PROBLEM REQUIREMENTS: Would you retype the listing below exactly as given?

RECORDS SUPPLIED:
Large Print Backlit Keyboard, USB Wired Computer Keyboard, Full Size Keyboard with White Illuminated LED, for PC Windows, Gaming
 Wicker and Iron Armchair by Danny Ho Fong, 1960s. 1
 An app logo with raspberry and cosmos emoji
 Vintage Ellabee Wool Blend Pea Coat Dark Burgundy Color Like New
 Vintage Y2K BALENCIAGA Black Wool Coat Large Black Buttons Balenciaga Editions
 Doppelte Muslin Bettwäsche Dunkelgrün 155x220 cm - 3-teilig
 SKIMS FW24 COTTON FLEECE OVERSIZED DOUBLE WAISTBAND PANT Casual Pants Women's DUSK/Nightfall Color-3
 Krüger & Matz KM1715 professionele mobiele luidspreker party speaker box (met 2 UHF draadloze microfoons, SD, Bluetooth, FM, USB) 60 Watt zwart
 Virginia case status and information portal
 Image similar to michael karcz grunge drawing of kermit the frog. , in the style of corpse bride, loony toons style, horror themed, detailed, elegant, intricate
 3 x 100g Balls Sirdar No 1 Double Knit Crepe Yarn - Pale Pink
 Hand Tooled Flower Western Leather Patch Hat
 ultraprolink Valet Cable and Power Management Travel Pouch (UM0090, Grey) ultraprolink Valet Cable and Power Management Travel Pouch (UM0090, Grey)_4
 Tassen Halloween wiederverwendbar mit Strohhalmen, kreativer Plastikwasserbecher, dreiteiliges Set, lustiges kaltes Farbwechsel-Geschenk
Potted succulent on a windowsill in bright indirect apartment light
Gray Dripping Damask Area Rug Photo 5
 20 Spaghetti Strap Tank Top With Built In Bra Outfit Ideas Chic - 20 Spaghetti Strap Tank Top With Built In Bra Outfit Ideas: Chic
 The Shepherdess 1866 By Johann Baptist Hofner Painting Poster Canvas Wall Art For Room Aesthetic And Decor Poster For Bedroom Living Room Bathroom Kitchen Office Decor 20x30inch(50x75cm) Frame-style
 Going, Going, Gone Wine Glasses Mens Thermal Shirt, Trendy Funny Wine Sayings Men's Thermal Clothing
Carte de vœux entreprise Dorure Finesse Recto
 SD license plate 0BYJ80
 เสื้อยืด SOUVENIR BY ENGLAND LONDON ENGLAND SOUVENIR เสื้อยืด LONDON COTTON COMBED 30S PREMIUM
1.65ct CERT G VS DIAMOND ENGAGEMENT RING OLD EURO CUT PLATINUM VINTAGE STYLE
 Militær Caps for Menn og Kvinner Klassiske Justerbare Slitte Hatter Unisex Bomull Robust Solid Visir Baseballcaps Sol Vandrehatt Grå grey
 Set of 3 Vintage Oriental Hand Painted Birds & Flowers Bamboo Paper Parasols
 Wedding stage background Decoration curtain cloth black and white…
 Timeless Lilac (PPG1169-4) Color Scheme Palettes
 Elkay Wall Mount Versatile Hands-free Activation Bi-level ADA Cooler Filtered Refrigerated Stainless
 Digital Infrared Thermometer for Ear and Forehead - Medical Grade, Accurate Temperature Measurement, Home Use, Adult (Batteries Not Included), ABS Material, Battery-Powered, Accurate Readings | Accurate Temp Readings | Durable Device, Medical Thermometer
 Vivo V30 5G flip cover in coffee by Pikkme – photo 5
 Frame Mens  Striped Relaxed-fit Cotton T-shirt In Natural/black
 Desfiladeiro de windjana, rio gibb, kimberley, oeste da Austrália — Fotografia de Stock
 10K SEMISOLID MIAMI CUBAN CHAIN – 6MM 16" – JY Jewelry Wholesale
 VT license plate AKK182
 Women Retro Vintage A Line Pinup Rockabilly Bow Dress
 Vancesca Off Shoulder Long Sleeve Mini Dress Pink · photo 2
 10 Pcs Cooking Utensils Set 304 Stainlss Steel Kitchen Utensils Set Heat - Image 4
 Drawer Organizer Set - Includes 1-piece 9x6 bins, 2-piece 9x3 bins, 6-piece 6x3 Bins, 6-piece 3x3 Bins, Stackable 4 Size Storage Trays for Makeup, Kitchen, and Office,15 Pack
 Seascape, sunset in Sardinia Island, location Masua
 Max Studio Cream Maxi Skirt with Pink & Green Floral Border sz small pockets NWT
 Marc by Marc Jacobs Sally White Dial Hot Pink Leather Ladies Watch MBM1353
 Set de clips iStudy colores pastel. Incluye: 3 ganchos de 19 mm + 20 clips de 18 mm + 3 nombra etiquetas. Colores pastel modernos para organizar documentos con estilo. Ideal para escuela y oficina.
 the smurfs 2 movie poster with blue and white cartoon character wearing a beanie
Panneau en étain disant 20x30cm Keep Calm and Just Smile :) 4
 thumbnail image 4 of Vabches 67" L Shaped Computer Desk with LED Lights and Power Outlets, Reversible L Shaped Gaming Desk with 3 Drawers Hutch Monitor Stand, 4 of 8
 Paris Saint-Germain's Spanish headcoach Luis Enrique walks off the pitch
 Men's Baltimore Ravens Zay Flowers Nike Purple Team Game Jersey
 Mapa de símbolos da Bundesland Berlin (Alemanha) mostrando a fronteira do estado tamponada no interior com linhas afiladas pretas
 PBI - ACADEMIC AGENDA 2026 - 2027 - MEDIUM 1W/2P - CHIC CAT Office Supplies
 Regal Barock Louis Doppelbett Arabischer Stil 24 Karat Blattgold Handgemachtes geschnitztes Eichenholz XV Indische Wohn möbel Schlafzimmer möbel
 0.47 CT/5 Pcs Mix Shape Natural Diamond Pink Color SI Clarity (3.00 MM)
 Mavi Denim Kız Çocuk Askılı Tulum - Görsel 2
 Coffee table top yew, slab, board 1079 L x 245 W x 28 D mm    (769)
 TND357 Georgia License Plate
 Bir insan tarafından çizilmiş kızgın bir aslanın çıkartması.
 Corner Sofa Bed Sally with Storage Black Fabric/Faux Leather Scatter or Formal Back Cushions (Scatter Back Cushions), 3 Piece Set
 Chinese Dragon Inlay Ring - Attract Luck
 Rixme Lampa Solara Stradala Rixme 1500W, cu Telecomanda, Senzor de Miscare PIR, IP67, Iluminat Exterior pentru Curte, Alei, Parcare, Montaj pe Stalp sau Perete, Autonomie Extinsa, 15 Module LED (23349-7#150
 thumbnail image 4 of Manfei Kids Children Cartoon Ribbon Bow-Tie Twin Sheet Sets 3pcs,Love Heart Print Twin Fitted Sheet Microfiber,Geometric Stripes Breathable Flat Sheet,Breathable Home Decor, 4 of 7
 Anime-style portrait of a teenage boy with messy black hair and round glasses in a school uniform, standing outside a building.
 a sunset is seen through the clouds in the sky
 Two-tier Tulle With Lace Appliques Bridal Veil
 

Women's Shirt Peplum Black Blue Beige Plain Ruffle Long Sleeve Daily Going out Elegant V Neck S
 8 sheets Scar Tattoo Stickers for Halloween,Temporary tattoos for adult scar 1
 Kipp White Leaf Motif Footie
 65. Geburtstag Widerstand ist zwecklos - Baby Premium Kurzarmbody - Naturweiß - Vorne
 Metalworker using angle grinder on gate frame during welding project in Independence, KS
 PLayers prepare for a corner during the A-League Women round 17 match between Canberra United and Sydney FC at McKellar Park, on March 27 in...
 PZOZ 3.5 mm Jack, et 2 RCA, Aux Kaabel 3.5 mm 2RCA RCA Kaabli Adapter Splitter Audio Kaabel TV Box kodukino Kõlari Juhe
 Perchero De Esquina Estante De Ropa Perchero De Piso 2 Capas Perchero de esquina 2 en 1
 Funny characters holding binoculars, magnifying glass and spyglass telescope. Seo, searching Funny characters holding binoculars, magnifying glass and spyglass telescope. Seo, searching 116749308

TASK OUTPUT:
Large Print Backlit Keyboard, USB Wired Computer Keyboard, Full Size Keyboard with White Illuminated LED, for PC Windows, Gaming
 Wicker and Iron Armchair by Danny Ho Fong, 1960s. 1
 An app logo with raspberry and cosmos emoji
 Vintage Ellabee Wool Blend Pea Coat Dark Burgundy Color Like New
 Vintage Y2K BALENCIAGA Black Wool Coat Large Black Buttons Balenciaga Editions
 Doppelte Muslin Bettwäsche Dunkelgrün 155x220 cm - 3-teilig
 SKIMS FW24 COTTON FLEECE OVERSIZED DOUBLE WAISTBAND PANT Casual Pants Women's DUSK/Nightfall Color-3
 Krüger & Matz KM1715 professionele mobiele luidspreker party speaker box (met 2 UHF draadloze microfoons, SD, Bluetooth, FM, USB) 60 Watt zwart
 Virginia case status and information portal
 Image similar to michael karcz grunge drawing of kermit the frog. , in the style of corpse bride, loony toons style, horror themed, detailed, elegant, intricate
 3 x 100g Balls Sirdar No 1 Double Knit Crepe Yarn - Pale Pink
 Hand Tooled Flower Western Leather Patch Hat
 ultraprolink Valet Cable and Power Management Travel Pouch (UM0090, Grey) ultraprolink Valet Cable and Power Management Travel Pouch (UM0090, Grey)_4
 Tassen Halloween wiederverwendbar mit Strohhalmen, kreativer Plastikwasserbecher, dreiteiliges Set, lustiges kaltes Farbwechsel-Geschenk
Potted succulent on a windowsill in bright indirect apartment light
Gray Dripping Damask Area Rug Photo 5
 20 Spaghetti Strap Tank Top With Built In Bra Outfit Ideas Chic - 20 Spaghetti Strap Tank Top With Built In Bra Outfit Ideas: Chic
 The Shepherdess 1866 By Johann Baptist Hofner Painting Poster Canvas Wall Art For Room Aesthetic And Decor Poster For Bedroom Living Room Bathroom Kitchen Office Decor 20x30inch(50x75cm) Frame-style
 Going, Going, Gone Wine Glasses Mens Thermal Shirt, Trendy Funny Wine Sayings Men's Thermal Clothing
Carte de vœux entreprise Dorure Finesse Recto
 SD license plate 0BYJ80
 เสื้อยืด SOUVENIR BY ENGLAND LONDON ENGLAND SOUVENIR เสื้อยืด LONDON COTTON COMBED 30S PREMIUM
1.65ct CERT G VS DIAMOND ENGAGEMENT RING OLD EURO CUT PLATINUM VINTAGE STYLE
 Militær Caps for Menn og Kvinner Klassiske Justerbare Slitte Hatter Unisex Bomull Robust Solid Visir Baseballcaps Sol Vandrehatt Grå grey
 Set of 3 Vintage Oriental Hand Painted Birds & Flowers Bamboo Paper Parasols
 Wedding stage background Decoration curtain cloth black and white…
 Timeless Lilac (PPG1169-4) Color Scheme Palettes
 Elkay Wall Mount Versatile Hands-free Activation Bi-level ADA Cooler Filtered Refrigerated Stainless
 Digital Infrared Thermometer for Ear and Forehead - Medical Grade, Accurate Temperature Measurement, Home Use, Adult (Batteries Not Included), ABS Material, Battery-Powered, Accurate Readings | Accurate Temp Readings | Durable Device, Medical Thermometer
 Vivo V30 5G flip cover in coffee by Pikkme – photo 5
 Frame Mens  Striped Relaxed-fit Cotton T-shirt In Natural/black
 Desfiladeiro de windjana, rio gibb, kimberley, oeste da Austrália — Fotografia de Stock
 10K SEMISOLID MIAMI CUBAN CHAIN – 6MM 16" – JY Jewelry Wholesale
 VT license plate AKK182
 Women Retro Vintage A Line Pinup Rockabilly Bow Dress
 Vancesca Off Shoulder Long Sleeve Mini Dress Pink · photo 2
 10 Pcs Cooking Utensils Set 304 Stainlss Steel Kitchen Utensils Set Heat - Image 4
 Drawer Organizer Set - Includes 1-piece 9x6 bins, 2-piece 9x3 bins, 6-piece 6x3 Bins, 6-piece 3x3 Bins, Stackable 4 Size Storage Trays for Makeup, Kitchen, and Office,15 Pack
 Seascape, sunset in Sardinia Island, location Masua
 Max Studio Cream Maxi Skirt with Pink & Green Floral Border sz small pockets NWT
 Marc by Marc Jacobs Sally White Dial Hot Pink Leather Ladies Watch MBM1353
 Set de clips iStudy colores pastel. Incluye: 3 ganchos de 19 mm + 20 clips de 18 mm + 3 nombra etiquetas. Colores pastel modernos para organizar documentos con estilo. Ideal para escuela y oficina.
 the smurfs 2 movie poster with blue and white cartoon character wearing a beanie
Panneau en étain disant 20x30cm Keep Calm and Just Smile :) 4
 thumbnail image 4 of Vabches 67" L Shaped Computer Desk with LED Lights and Power Outlets, Reversible L Shaped Gaming Desk with 3 Drawers Hutch Monitor Stand, 4 of 8
 Paris Saint-Germain's Spanish headcoach Luis Enrique walks off the pitch
 Men's Baltimore Ravens Zay Flowers Nike Purple Team Game Jersey
 Mapa de símbolos da Bundesland Berlin (Alemanha) mostrando a fronteira do estado tamponada no interior com linhas afiladas pretas
 PBI - ACADEMIC AGENDA 2026 - 2027 - MEDIUM 1W/2P - CHIC CAT Office Supplies
 Regal Barock Louis Doppelbett Arabischer Stil 24 Karat Blattgold Handgemachtes geschnitztes Eichenholz XV Indische Wohn möbel Schlafzimmer möbel
 0.47 CT/5 Pcs Mix Shape Natural Diamond Pink Color SI Clarity (3.00 MM)
 Mavi Denim Kız Çocuk Askılı Tulum - Görsel 2
 Coffee table top yew, slab, board 1079 L x 245 W x 28 D mm    (769)
 TND357 Georgia License Plate
 Bir insan tarafından çizilmiş kızgın bir aslanın çıkartması.
 Corner Sofa Bed Sally with Storage Black Fabric/Faux Leather Scatter or Formal Back Cushions (Scatter Back Cushions), 3 Piece Set
 Chinese Dragon Inlay Ring - Attract Luck
 Rixme Lampa Solara Stradala Rixme 1500W, cu Telecomanda, Senzor de Miscare PIR, IP67, Iluminat Exterior pentru Curte, Alei, Parcare, Montaj pe Stalp sau Perete, Autonomie Extinsa, 15 Module LED (23349-7#150
 thumbnail image 4 of Manfei Kids Children Cartoon Ribbon Bow-Tie Twin Sheet Sets 3pcs,Love Heart Print Twin Fitted Sheet Microfiber,Geometric Stripes Breathable Flat Sheet,Breathable Home Decor, 4 of 7
 Anime-style portrait of a teenage boy with messy black hair and round glasses in a school uniform, standing outside a building.
 a sunset is seen through the clouds in the sky
 Two-tier Tulle With Lace Appliques Bridal Veil
 

Women's Shirt Peplum Black Blue Beige Plain Ruffle Long Sleeve Daily Going out Elegant V Neck S
 8 sheets Scar Tattoo Stickers for Halloween,Temporary tattoos for adult scar 1
 Kipp White Leaf Motif Footie
 65. Geburtstag Widerstand ist zwecklos - Baby Premium Kurzarmbody - Naturweiß - Vorne
 Metalworker using angle grinder on gate frame during welding project in Independence, KS
 PLayers prepare for a corner during the A-League Women round 17 match between Canberra United and Sydney FC at McKellar Park, on March 27 in...
 PZOZ 3.5 mm Jack, et 2 RCA, Aux Kaabel 3.5 mm 2RCA RCA Kaabli Adapter Splitter Audio Kaabel TV Box kodukino Kõlari Juhe
 Perchero De Esquina Estante De Ropa Perchero De Piso 2 Capas Perchero de esquina 2 en 1
 Funny characters holding binoculars, magnifying glass and spyglass telescope. Seo, searching Funny characters holding binoculars, magnifying glass and spyglass telescope. Seo, searching 116749308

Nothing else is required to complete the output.